§ **What you will do**:
Set the material down again exactly, line by line, skipping each picture.

§ **Dataset section**:
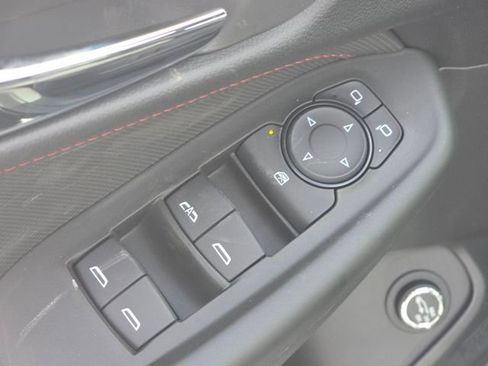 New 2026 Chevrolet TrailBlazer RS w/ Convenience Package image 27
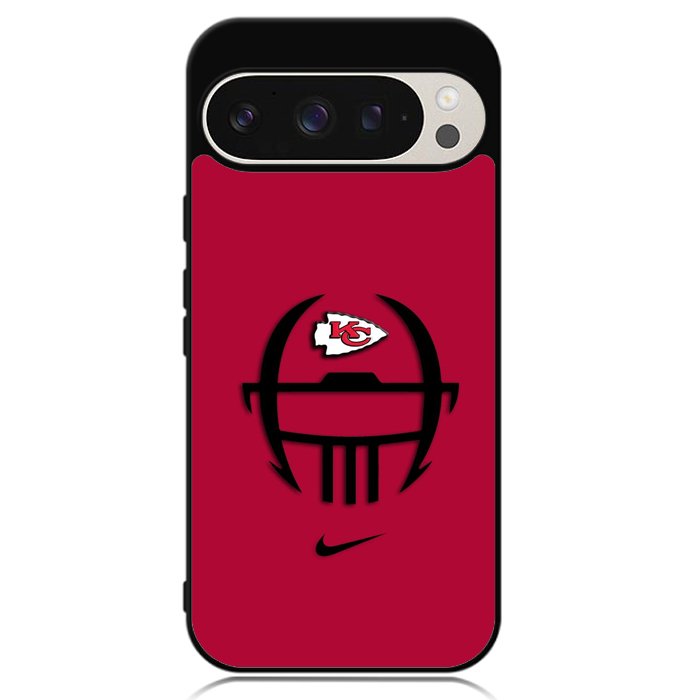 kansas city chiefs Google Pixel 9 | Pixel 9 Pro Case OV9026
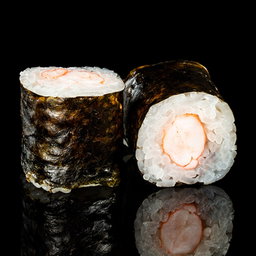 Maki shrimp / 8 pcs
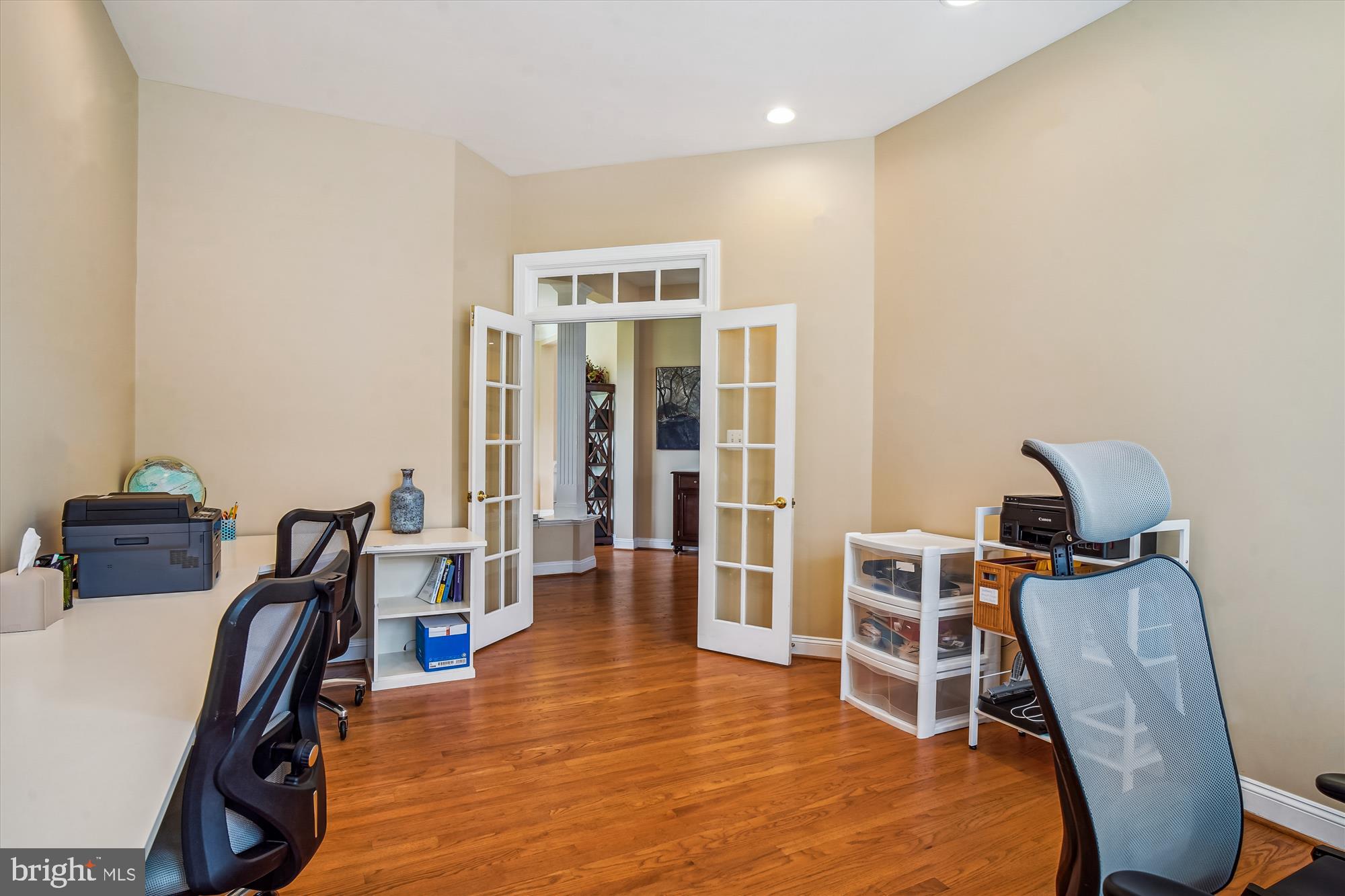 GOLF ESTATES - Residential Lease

§ **Response**:
 New 2026 Chevrolet TrailBlazer RS w/ Convenience Package image 27
 kansas city chiefs Google Pixel 9 | Pixel 9 Pro Case OV9026
 Maki shrimp / 8 pcs
 GOLF ESTATES - Residential Lease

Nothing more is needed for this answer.